*WHAT TO PRODUCE*: Repeat every entry in the listing below, exactly.

BEGIN MATERIAL FOR THE TASK

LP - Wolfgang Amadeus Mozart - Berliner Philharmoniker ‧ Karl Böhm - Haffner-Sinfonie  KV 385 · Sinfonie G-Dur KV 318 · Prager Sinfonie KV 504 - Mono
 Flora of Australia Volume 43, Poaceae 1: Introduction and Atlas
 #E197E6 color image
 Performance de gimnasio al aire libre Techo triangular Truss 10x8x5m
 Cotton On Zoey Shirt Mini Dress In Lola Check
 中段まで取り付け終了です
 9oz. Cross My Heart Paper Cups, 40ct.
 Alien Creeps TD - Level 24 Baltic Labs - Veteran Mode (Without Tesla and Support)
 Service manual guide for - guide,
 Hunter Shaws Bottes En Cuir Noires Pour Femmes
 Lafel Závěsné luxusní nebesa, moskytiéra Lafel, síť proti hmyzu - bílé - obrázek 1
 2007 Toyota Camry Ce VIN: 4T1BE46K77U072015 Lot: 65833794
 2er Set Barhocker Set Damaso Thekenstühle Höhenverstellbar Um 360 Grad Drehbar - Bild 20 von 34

END MATERIAL FOR THE TASK

*EXERCISE OUTPUT*:
LP - Wolfgang Amadeus Mozart - Berliner Philharmoniker ‧ Karl Böhm - Haffner-Sinfonie  KV 385 · Sinfonie G-Dur KV 318 · Prager Sinfonie KV 504 - Mono
 Flora of Australia Volume 43, Poaceae 1: Introduction and Atlas
 #E197E6 color image
 Performance de gimnasio al aire libre Techo triangular Truss 10x8x5m
 Cotton On Zoey Shirt Mini Dress In Lola Check
 中段まで取り付け終了です
 9oz. Cross My Heart Paper Cups, 40ct.
 Alien Creeps TD - Level 24 Baltic Labs - Veteran Mode (Without Tesla and Support)
 Service manual guide for - guide,
 Hunter Shaws Bottes En Cuir Noires Pour Femmes
 Lafel Závěsné luxusní nebesa, moskytiéra Lafel, síť proti hmyzu - bílé - obrázek 1
 2007 Toyota Camry Ce VIN: 4T1BE46K77U072015 Lot: 65833794
 2er Set Barhocker Set Damaso Thekenstühle Höhenverstellbar Um 360 Grad Drehbar - Bild 20 von 34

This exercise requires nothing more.